Page MenuHomePhabricator

Change the context instruction for computeKnownBits in LoadStoreVectorizer pass

Authored by wvoquine on Apr 30 2021, 5:03 PM.



This change enables cases for which the index value for the first load/store instruction
in a pair could be a function argument. This allows using llvm.assume to provide known
bits information in such cases.

Diff Detail

Event Timeline

wvoquine created this revision.Apr 30 2021, 5:03 PM
wvoquine requested review of this revision.Apr 30 2021, 5:03 PM
Herald added a project: Restricted Project. · View Herald TranscriptApr 30 2021, 5:03 PM
wvoquine added inline comments.Apr 30 2021, 5:46 PM

I've realized this should be "v2i8" in the test name.

wvoquine updated this revision to Diff 342102.Apr 30 2021, 7:16 PM
arsenm added inline comments.May 3 2021, 9:59 AM

How do we know A is the point the vectorized instruction will be inserted, and not B?


e.g. can you add some tests with an assume between the two instructions to vectorize?

wvoquine added inline comments.

By the way, we have discussed some of these points with @rtereshin and @bogner

Neither of OpA and OpB is a point of the vectorization. They both dominate the point of vectorization, but there's no information here about which one is closer to it.

This change only enables more cases to pass: if OpB is nullptr then it means we have bailed long ago in the function:
( See this part:

// At this point A could be a function parameter, i.e. not an instruction
Value *ValA = OpA->getOperand(0);
OpB = dyn_cast<Instruction>(OpB->getOperand(0));
if (!OpB || ValA->getType() != OpB->getType())
  return false;


I just allow it not to bail if OpA appears to be nullptr.

There's no assumption as to which one goes at the point or closer to the point of vectorization.

Also without llvm.assume I couldn't differentiate the two contexts in a test.

And I added a test with the llvm.assume - ld_v2i8_add_different_contexts.

Now, sometimes OpA might be with a better context for the calculation of known bits. In such cases we might fail to vectorize.

If llvm.assume's are inconsistent in the two points then this ought to be an UB.

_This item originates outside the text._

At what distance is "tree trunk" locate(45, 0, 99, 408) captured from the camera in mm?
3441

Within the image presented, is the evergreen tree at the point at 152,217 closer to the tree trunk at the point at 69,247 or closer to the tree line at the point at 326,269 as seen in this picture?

For an improvement in the future we might need to use the actual vectorization point as the context.

wvoquine added inline comments.May 3 2021, 10:43 AM

Don't you think ld_v2i8_add_different_contexts would count as one, or do you prefer a test without a control flow in it?


There's no assumption as to which one goes at the point or closer to the point of vectorization.

Having said that, if a case is a result of unrolling, in many such occasions, OpB indeed naturally goes after OpA. And that means the context is more precise
(the contexts shouldn't be inconsistent).

wvoquine marked 2 inline comments as done.May 3 2021, 11:02 AM
arsenm added inline comments.May 4 2021, 10:34 AM

ld_v2i8_add_different_contexts does not have an assume between the two loads, so I don't mean that

wvoquine added inline comments.May 6 2021, 12:03 PM

I see some unexpected results when I place llvm.assume between loads, or just before the first load.
I will have to debug a little bit, and will likely update the change.

A safer version could be to still use OpA if it's not nullptr and OpB if it is.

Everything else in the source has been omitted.